The Cure’s seventh studio LP is a suffocating French kiss from the plumpest, most rouged red lips you can imagine - enticing and enjoyable, at least until the amount of times its tongue is rammed down your throat begins to seem rather excessive. Let me elaborate…
‘Kiss Me’s 18 tracks are oftentimes like a kiss, when frequently beautiful moments such as ‘Just Like Heaven’ crop up and plant a firm one on your cheek, complete with sharply considered pop hooks and invigorating guitar work. But at other times, and less frequently, as crucially needs to be pointed out, it doesn’t feel like said kiss, but rather a tongue-down-throat affair from a lover who has too much lipstick coating her fulsome lips, leaving an ugly red smudge at the corners of your mouth.
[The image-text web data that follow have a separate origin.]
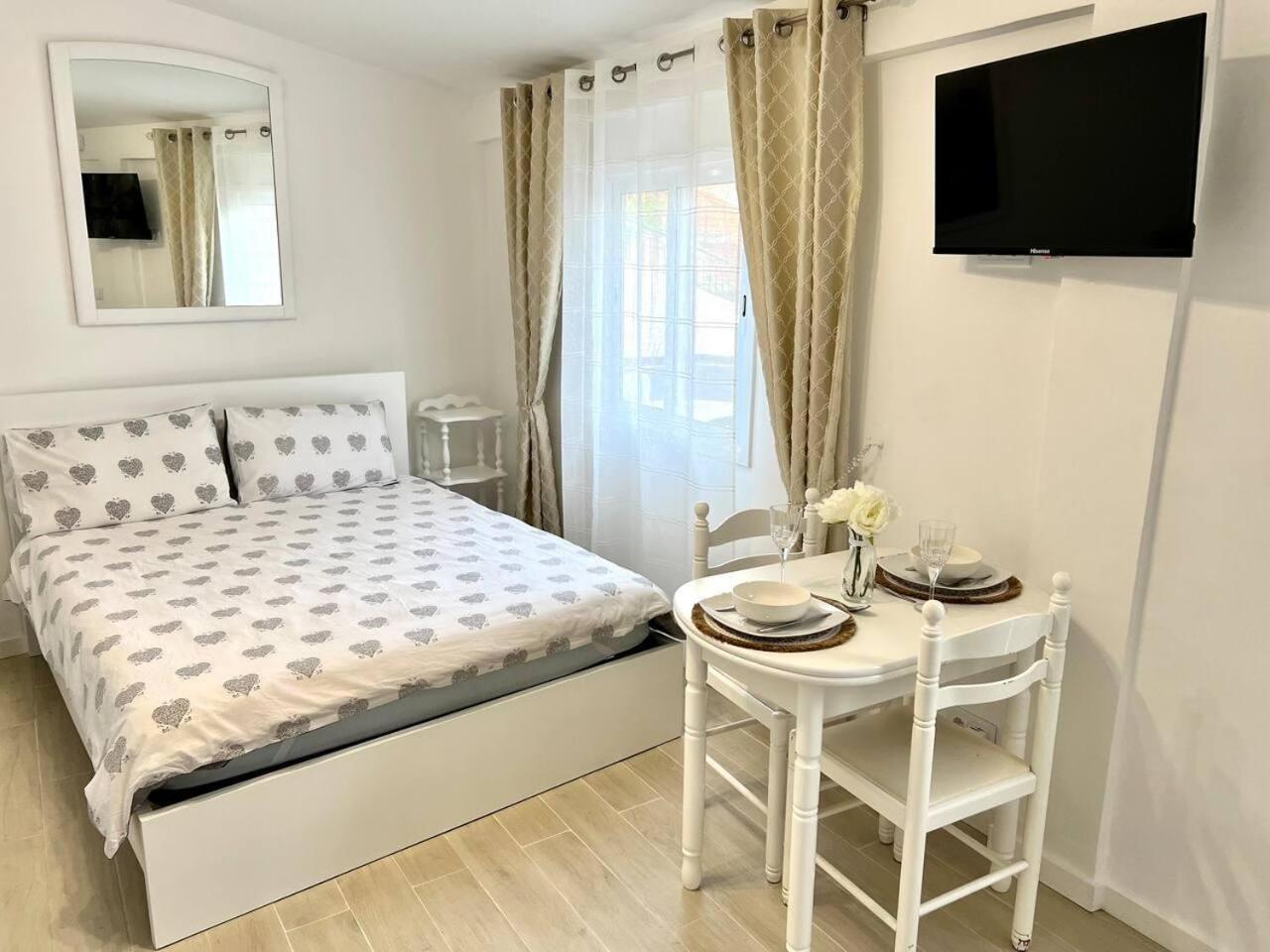 Modern Minimalist Studio With Essential Comfort Funchal  Zewnętrze zdjęcie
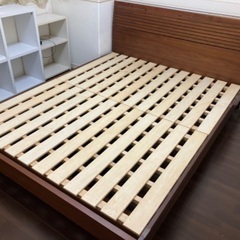 ベッドフレームの画像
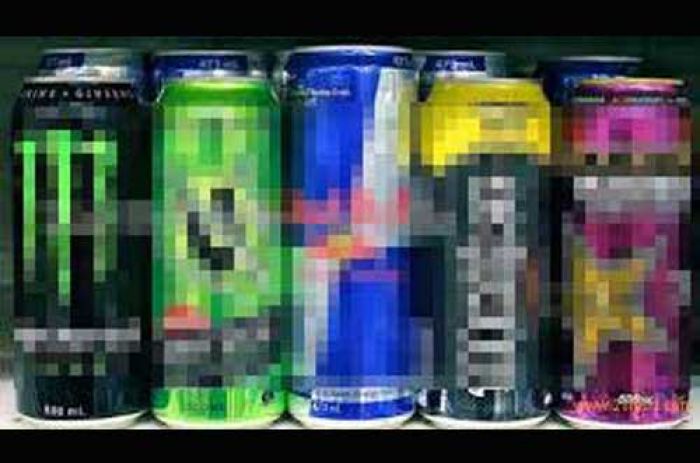 Seteguk Minuman Berenergi Berbahaya bagi Kesehatan Anda Seteguk Minuman Berenergi Berbahaya bagi Kesehatan Anda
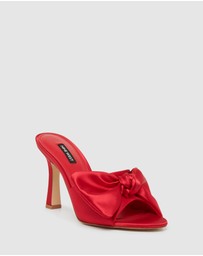 Nine West - Trina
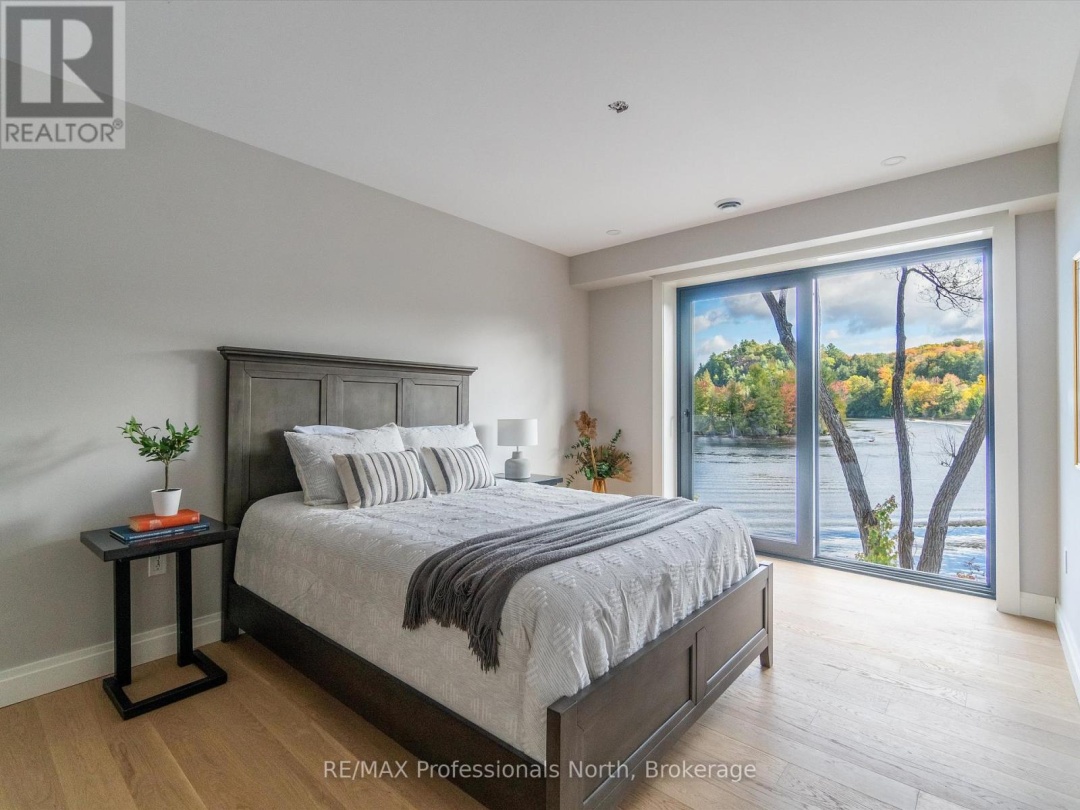 103 32 Brunel Road, Lake Muskoka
To put it in layman’s terms, the album has a number of lovely moments but also far more tracks than it really needs, which spoils the experience (or ‘kiss’, to go back to my clunky analogy for just a moment) the slightest amount. It’s bloated and plump and could’ve benefited from some trimming - cutting out some of its weaker tracks, just leaving highlights like the bouncy, pop-charm of ‘Why Can’t I Be You’, and the lengthy but stunning opening track ‘The Kiss’, behind.
Having touched upon it earlier, the album, thankfully, stuns more than it repels. In addition to those already praised above, other worthwhile cuts include the violin backing and hypnotic bass of ‘Catch’; the rumbling rhythm section on ‘Torture’; the faux exotic sway of ‘If Only We Could Sleep Tonight’; the surprising intrusion of sleazy sax on ‘Hey You!’; Smith’s superb vocals on the anthemic ‘All I Want’; the dark, swirling ‘Shiver and Shake’, and the left-field funk of ‘Hot! Hot! Hot!’.
At the same time, the album throws in unnecessary filler to reach its goal of creating a giant album, designed to push the burgeoning compact disc technology to its youthful max. Superfluous numbers include the mostly instrumental ‘Snakepit’, which drags its hypnotic melody out for a weary seven minutes; the downright silly ‘Like Cockatoos’; the unnecessary ‘Icing Sugar’, and the overly familiar ‘The Perfect Girl’.
Count them up, though, and you’ll see there’s an abundance of worthwhile moments - far more than there are skipable ones. Most albums would dream of containing as many gems as this outing, and that says more than any long-winded analogies like the very one this writer attempted earlier, could ever hope to. That’s what ‘Kiss Me, Kiss Me, Kiss Me’ encapsulates, really - a bloated concept, but one with enough value to warrant an investment of time and care from the listener. To return to said ‘long-winded’ analogy for one last self-indulgent moment; I’ll sign off thusly. It may be a big, fat, smothering kiss, but there’s still good reason to want to find ‘Kiss Me’s shade of lipstick smudged on the collar of your shirt.